Tempat makan: Muslim Quarter. Di jalan sepanjang sekitar 500meter ini disesaki berbagai rumah makan. Semua makanan di daerah ini halal. Di pintu setiap restoran tertulis jelas, matham islamy, artinya rumah makan Islam. Makanan lezat mulai dari sate kambing sampai sop daging bisa disantap dengan harga murah. Selain itu, tidak sulit menemukan restoran halal di berbagai tempat di kota seperti Xian, Beijing dan Shanghai,
Penginapan: Kami menginap di Xian Youth Hostel, terletak di dekat Watson’s, sekitar 500 meter dari Bell Tower dan Muslim Quarter. Bagi yang traveling sebagai couple, tempat ini pas, karena punya kamar untuk berdua. Sementara yang traveling sendiri atau berombongan, tempat ini punya kamar untuk sampai 6 orang. Pemesanan melalui internet. Staff sangat friendly dan bisa berbahasa Inggris dengan baik.
Transportasi: Cara paling gampang adalah dengan taksi. Tarifnya murah, sekali naik sekitar 6 yuan. Tapi taksi tiba-tiba penuh begitu rush hour dan weekend. Naik bus umumnya yang bersih juga boleh dicoba, tarifnya 2 yuan ke hampir semua tujuan, asal tahu tempat berhentinya. Sementara untuk melihat objek wisata seperti Terracotta Warriors yang terletak sekitar 1 jam dari Xian, sebaiknya menggunakan tur yang disediakan dihampir semua hotel. Biasanya kita dijemput pagi dan diantar kembali menjelang sore. Tur ini sudah termasuk guide berbahasa Inggris, tiket masuk, dan jalan-jalan tambahan ke workshop pengrajin tembikar.

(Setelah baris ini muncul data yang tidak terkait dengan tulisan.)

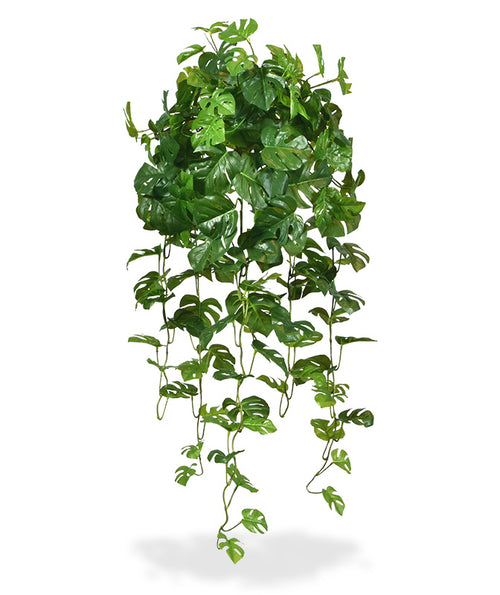 Maxifleur Monstera kunst hangplant 80cm - groen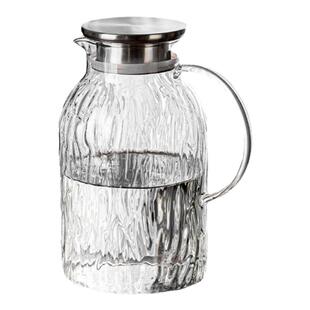 凉水壶高硼硅玻璃耐高温冷水壶家用晾白开水杯大容量茶壶装水扎壶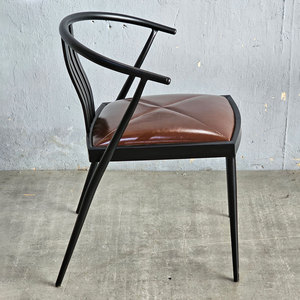 เก้าอี้ร้านอาหารเหล็กดัดหุ้มหนังเทียม-TTG018 - Product Image 6
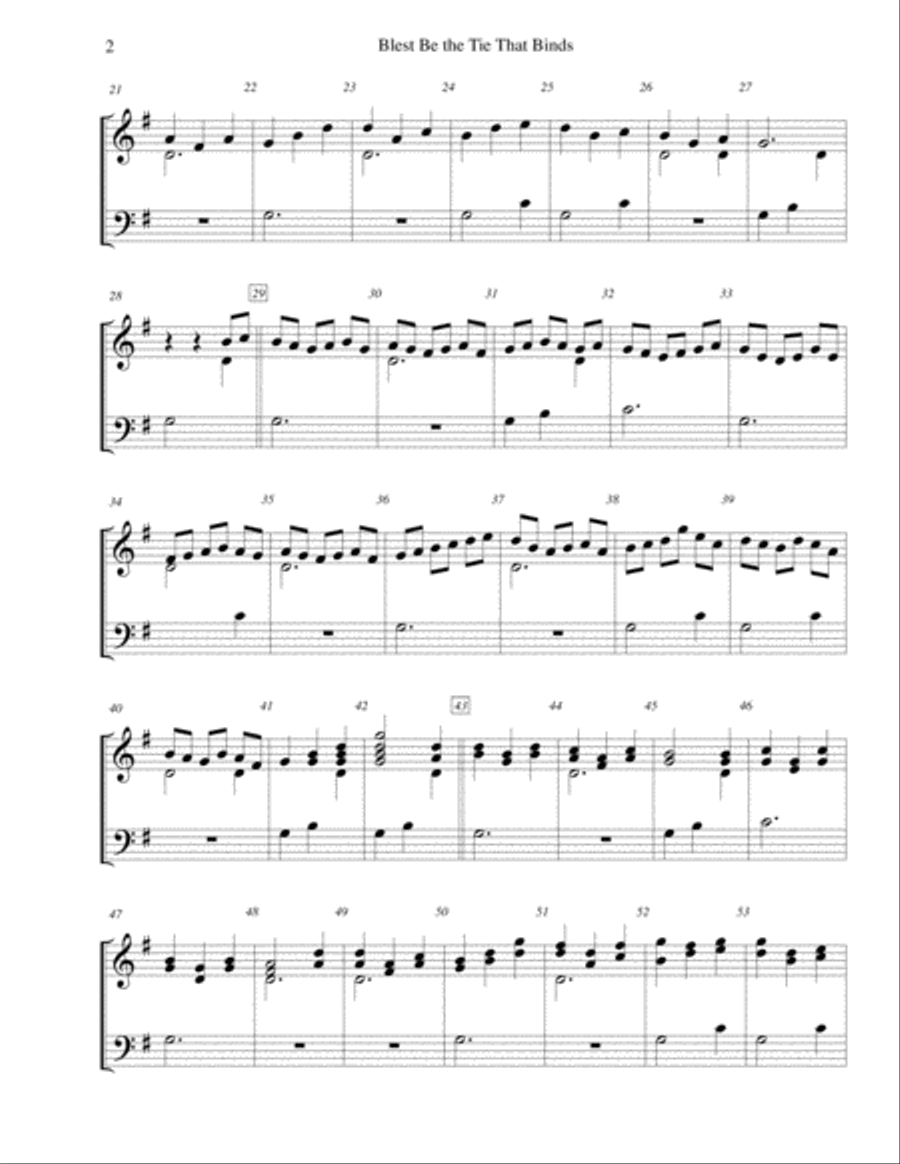Blest Be the Tie That Binds - for 2-octave handbell choir 2-Octaves scores gallery preview page 2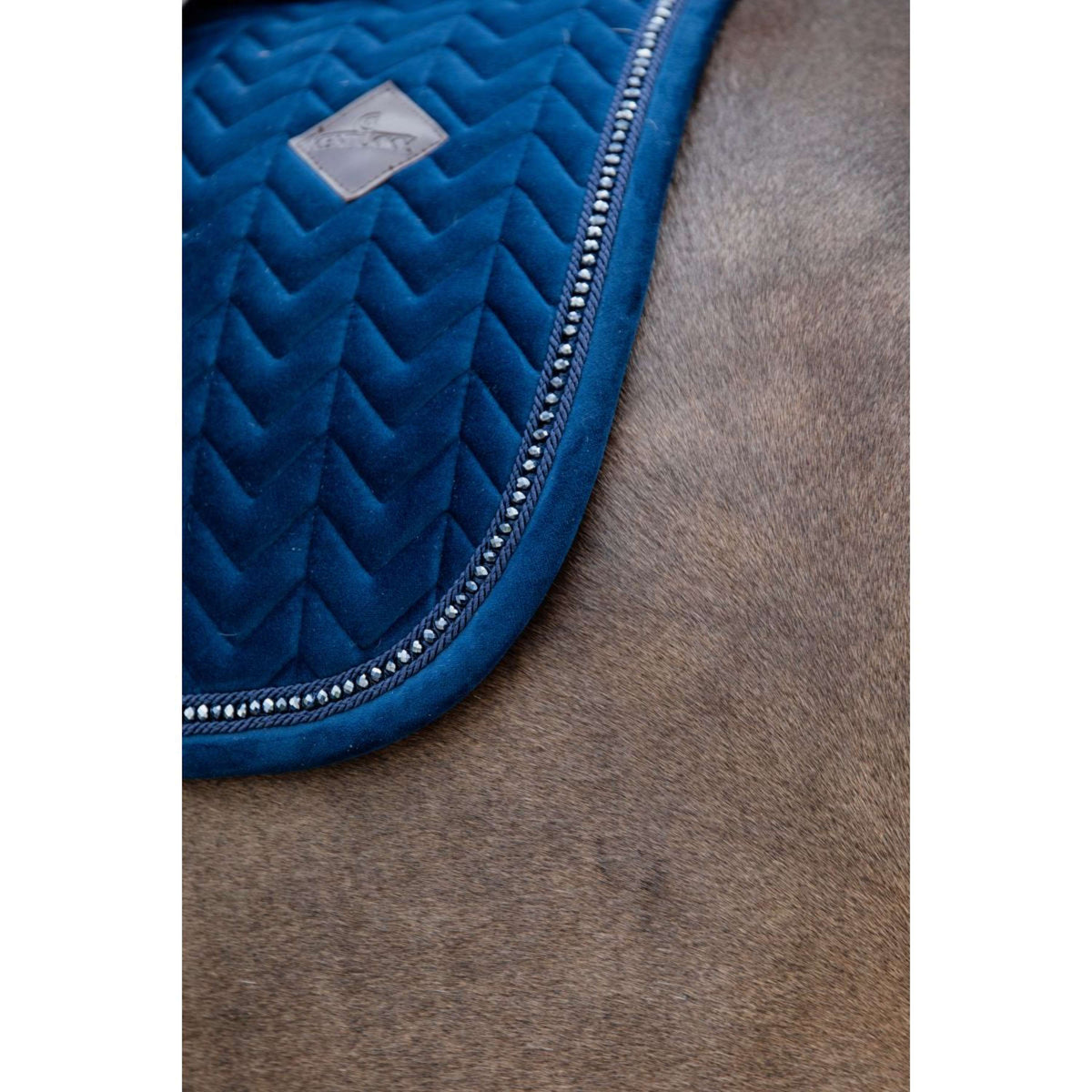 Kentucky Saddlepad Velvet Pearls Jumping Navy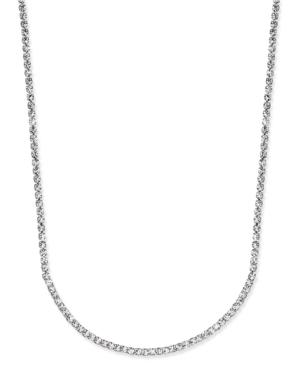 Inc International Concepts Silver-tone Rhinestone Necklace, Only At Macy's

Waktu kami traveling: Pertengahan November 2008. Waktu yang disarankan 2-3 hari. Satu hari penuh sudah habis mengunjungi Terracotta Warriors. Sisanya untuk melihat objek di kotanya.
Perkiraan biaya: Akomodasi, makan, transportasi, oleh-oleh, dll. Bagian ini akan diisi oleh Yayi nanti
Kurs: I yuan sama dengan 1500 rupiah
Suhu: Sekitar 15-20 derajat celcius. Cukup dingin buat kebanyakan orang Indonesia. Jadi kalau traveling di waktu ini, siapkan jaket.